I'm going off my recollection of The Visual Display of Quantitative Information (the book is in my screaming-infant-free office at work), which goes on at some length about the need to minimize white space by choosing the axis scale to maximize the spread of points, and so on.

The "lie factor" thing I've mostly seen applied to bar graphs and the like, not scatter plots.

One thing this emphasizes is how you can manipulate your plots to emphasize what you want. In choosing a scale, keep in mind what is considered large/small variability in *your* field. If you are showing stability of numerical methods, and "no variation" should be near machine precision, and your axis is like 10^-3, your graph is misleading. In this case, how big is the difference between a rate of 1 and 2? I think that should be more of a guide in how to scale, rather than the amount of white space.

Why not plot both? First and absolute scale that includes zero and all of the data, which instantly shows the variation in proportion to the central tendencies, and then a relative scale which details the variation?

Label the one 'full scale' and the other 'detail', and people will quickly get used to the scheme and start liking the pairing.

In this case, how big is the difference between a rate of 1 and 2?

Pretty big. What's plotted is the ratio of the collision rate for each sample to the collision rate for a reference sample. A factor of two difference between isotopes is possible, but would be highly noteworthy.
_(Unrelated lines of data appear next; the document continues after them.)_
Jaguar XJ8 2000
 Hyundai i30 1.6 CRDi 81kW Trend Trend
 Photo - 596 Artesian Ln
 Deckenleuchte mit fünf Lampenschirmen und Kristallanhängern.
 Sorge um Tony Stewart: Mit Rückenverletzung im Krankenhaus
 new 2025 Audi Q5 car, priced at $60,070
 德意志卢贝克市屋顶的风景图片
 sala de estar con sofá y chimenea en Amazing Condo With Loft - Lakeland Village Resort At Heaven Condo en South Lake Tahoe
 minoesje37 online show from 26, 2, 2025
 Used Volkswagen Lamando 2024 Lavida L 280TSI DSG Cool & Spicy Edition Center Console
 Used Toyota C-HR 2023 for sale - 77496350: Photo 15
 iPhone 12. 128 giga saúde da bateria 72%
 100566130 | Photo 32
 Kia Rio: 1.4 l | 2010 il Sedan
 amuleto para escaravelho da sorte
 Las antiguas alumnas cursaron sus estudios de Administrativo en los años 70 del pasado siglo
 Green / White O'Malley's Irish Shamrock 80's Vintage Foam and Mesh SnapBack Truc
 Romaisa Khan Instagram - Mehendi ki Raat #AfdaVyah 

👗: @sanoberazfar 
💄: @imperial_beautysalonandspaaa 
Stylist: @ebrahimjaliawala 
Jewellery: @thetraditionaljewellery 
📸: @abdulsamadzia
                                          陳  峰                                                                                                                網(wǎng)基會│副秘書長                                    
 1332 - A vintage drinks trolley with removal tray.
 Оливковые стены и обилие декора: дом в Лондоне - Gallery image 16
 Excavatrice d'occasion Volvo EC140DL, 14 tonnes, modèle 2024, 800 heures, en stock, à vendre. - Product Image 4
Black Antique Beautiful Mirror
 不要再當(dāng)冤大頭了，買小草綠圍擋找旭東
Why not plot both? First and absolute scale that includes zero and all of the data, which instantly shows the variation in proportion to the central tendencies, and then a relative scale which details the variation?

In a lot of cases, there are tight space restrictions-- Physical Review Letters requires all papers to fit within four journal pages, including the figures. You can't really justify putting in two figures if you can get the essentail information into one.

You see a lot of inset plots in PRL for this reason. People who want to do the full-scale/detail thing will put one figure inside the frame of the other.

I would include zero if I wanted to show that the points are away from zero, but in this case it sounds like an arbitrary value.

What I would do (or at least try) would be to make the points stand out more by making them larger: the lines are all very heavy. I would also play around with the vertical size: you could simply chop out the 0 to 0.5 part, making the whole graph smaller. It makes the journal's production staff happier, too!

Hmm, actually I think this plot would still show little variation if you kept the same sized figure but started at 0.5. The key is that you've got error bars, so they're filling the plot up: they're showing that the data is dominated by noise.

Could always plot variation from the theoretically predicted value?

(Gah. I've spent too much time with engineers, if plotting the residual is becoming my default)

Mike from Pictures of Numbers here.

I think starting that graph from zero is just fine. I don't think there's too much white space, and I don't think Tufte would think so either. You're quite right that trimming the white space would unbalance the data and magnify noise.

If I were to make any changes, I'd reconsider the assortment of symbols you're using in the key. Perhaps arrange the five isotopes in numerical order, and use a sequence of symbols that change in both size or shape? If they were less random, it would be easier to look for patterns.

Also I would probably gray out the dashed line a little, label it directly with the word "Theory", and get the key out of the way: it's encroaching on the data a bit.

Anyway, thanks for taking the time to discuss this.